MERIT SYSTEMS PROTECTION BOARD

ATLANTA REGIONAL OFFICE

______

TEEIA A. PHILLIPS, Appellant,

DOCKET NUMBER AT-0752-03-0922-I-1

v.

DEPARTMENT OF THE AIR FORCE, Agency.

DATE: December 22, 2003

______)

Lawrence Berger, Esquire, Garden City, New York, for the appellant.

Maj Michael G. Vecera, Esquire, Dobbins Air Force Base, Georgia, for the agency.

BEFORE

Richard W. Vitaris

Administrative Judge

INITIAL DECISION

INTRODUCTION AND JURISDICTION

On September 7, 2003, Teeia A. Phillips timely appealed the action of the agency removing her from her position as a Criminal Investigator, GS-11, with the agency's Office of Special Investigations' Detachment, Smyrna, Georgia, effective August 25, 2003. The Board has jurisdiction over this appeal pursuant to 5 U.S.C. §§ 7511(a)(1)(B), 7512(1), 7513(d), and 7701(a).

The hearing the appellant requested was held on December 15, 2003, at Atlanta, Georgia. For the reasons stated below, the agency action is AFFIRMED.

ANALYSIS AND FINDINGS

The agency has charged the appellant with placing the tag of a lower priced item on a higher priced item and making a purchase based upon the cost of the lower-priced item from a military retail facility. To prevail, the agency must prove the charge by a preponderance of the evidence. 5 U.S.C. § 7701(c)(1)(B). Preponderant evidence is 'the degree of relevant evidence that a reasonable person, considering the record as a whole, would accept as sufficient to find that a contested fact is more likely to be true than untrue.' 5 C.F.R. § 1201.56(c1)(2).

1. The agency proved the charge.

It is uncontroverted that the appellant was in a travel status at Fort Belvoir, Virginia, participating in a law-enforcement officer task force to investigate war crimes in Afghanistan and Iraq. Ms. Mun Chu Showers, a Loss Prevention Specialist, at the Fort Belvoir, Virginia, Army and Air Force Exchange, testified that, on April 17, 2003, she was working at the Fort Belvoir Post Exchange (PX), and observed the appellant engaging in highly suspicious activity. Ms. Showers took a video camera and began recording the appellant. On two different occasions, Ms. Showers observed the appellant at a rack of Coach brand leather products opening a variety of wallets and removing their price tags.

Ms. Showers testified that she saw the appellant take a price tag from a Coach identification (ID) card holder1 and put it into a black Coach wallet. The appellant subsequently went to the cashier and purchased the black Coach wallet. Ms. Showers and another store detective approached the appellant and asked her to accompany them to the PX's security office. Ms. Showers examined the wallet and receipt and saw that the appellant had paid $40 for the wallet, which scanned on the register as a card case with the code '4665 WAT BUF SLIM CCASE BLKW.'

Ms. Showers coordinated with the department manager, Ms. Carrie McManus, and determined that the correct price for the black Coach wallet was $140,' $100 more than the appellant had paid. Ms. McManus testified to the same effect.

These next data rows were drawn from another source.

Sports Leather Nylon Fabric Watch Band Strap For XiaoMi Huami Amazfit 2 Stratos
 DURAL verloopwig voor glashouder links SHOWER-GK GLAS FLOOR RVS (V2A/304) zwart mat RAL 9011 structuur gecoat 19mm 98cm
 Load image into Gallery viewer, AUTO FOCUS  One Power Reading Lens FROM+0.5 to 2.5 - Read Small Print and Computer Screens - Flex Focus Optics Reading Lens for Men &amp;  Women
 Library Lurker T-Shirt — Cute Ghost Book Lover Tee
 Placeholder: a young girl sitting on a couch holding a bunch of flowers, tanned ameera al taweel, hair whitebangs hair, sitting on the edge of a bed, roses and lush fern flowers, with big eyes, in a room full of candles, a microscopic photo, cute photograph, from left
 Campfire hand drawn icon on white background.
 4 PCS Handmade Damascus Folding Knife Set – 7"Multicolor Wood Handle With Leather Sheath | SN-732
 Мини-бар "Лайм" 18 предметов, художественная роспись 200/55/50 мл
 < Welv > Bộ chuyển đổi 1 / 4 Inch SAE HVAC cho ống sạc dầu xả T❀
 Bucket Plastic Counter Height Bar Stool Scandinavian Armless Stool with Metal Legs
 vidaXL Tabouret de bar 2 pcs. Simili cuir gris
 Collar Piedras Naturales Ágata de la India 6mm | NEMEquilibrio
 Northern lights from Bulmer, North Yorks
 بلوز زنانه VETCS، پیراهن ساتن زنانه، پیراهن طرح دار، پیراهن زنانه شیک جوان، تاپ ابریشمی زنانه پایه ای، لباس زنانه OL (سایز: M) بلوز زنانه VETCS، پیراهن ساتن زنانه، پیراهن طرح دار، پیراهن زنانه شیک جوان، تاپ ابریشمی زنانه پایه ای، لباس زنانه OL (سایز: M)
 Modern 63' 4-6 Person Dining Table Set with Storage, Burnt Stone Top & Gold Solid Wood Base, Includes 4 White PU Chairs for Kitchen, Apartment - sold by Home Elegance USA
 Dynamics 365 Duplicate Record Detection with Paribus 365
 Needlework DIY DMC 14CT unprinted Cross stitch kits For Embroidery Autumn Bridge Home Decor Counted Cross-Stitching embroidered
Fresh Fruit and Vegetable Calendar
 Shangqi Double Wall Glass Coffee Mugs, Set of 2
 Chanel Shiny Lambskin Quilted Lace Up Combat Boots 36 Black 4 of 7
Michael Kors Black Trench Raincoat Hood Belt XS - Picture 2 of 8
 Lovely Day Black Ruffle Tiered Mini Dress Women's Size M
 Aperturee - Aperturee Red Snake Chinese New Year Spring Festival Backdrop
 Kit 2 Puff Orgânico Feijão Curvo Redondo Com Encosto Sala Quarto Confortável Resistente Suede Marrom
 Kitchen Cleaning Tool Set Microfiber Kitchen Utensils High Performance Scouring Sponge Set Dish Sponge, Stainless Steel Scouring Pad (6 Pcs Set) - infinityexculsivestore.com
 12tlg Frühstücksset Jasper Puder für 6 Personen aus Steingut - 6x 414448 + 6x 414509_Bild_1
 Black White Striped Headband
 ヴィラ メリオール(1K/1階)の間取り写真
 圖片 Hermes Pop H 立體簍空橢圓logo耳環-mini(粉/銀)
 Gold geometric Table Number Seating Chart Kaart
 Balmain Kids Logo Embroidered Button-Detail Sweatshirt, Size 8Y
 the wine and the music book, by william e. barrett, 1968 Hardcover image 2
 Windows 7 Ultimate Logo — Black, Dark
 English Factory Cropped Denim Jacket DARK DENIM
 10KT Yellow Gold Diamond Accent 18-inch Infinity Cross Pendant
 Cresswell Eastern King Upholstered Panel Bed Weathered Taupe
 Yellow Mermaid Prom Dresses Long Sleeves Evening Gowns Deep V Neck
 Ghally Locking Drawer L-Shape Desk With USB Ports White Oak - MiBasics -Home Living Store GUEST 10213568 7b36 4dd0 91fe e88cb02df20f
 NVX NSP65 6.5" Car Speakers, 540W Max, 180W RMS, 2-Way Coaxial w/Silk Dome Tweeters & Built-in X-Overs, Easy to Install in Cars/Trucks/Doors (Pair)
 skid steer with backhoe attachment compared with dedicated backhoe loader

The appellant admits that she took the $40 price tag from an ID card holder and put it into the wallet. She testified, however, that she did so because the black Coach wallet she wished to purchase did not bear a price tag. The appellant states that she spoke with an Oriental sales clerk who told her 'you will just need to match up a price for it.' The appellant then began looking at wallets and other Coach products looking for a matching price, until she found, in the ID card holder, what she believed to be the correct price. The appellant states she considered the code with the $40 price '4665 WAT BUF SLIM CCASE BLKW' to mean '4655 Wallet, Buff, Slim Check case Black.' The appellant considered the wallet she wished to purchase to be a black check wallet, and was satisfied that the $40 price tag was the correct one.

The appellant testified that the entire Coach display was in disarray. According to the appellant, most of the Coach products were not priced, or were incorrectly priced. Thus, the appellant was not surprised to find what she believed to be the black Coach wallet's price tag inside of the ID card holder. The appellant indicated that she did not consider the $40 price too low, because she has purchased wallets in that price range from Coach stores in the past. And, the appellant received a similar wallet, which was a Personal Digital Assistant (PDA) holder from a friend. Indeed, Mr. Scott Burris, a Police Officer in Cobb County, Georgia, testified that he purchased a Coach wallet/PDA holder for the appellant at a Coach Outlet store while they were dating and paid about $60 for it. The appellant testified that since the PX is known for its low prices, she assumed that $40 was the correct price for the black Coach wallet she was interested in.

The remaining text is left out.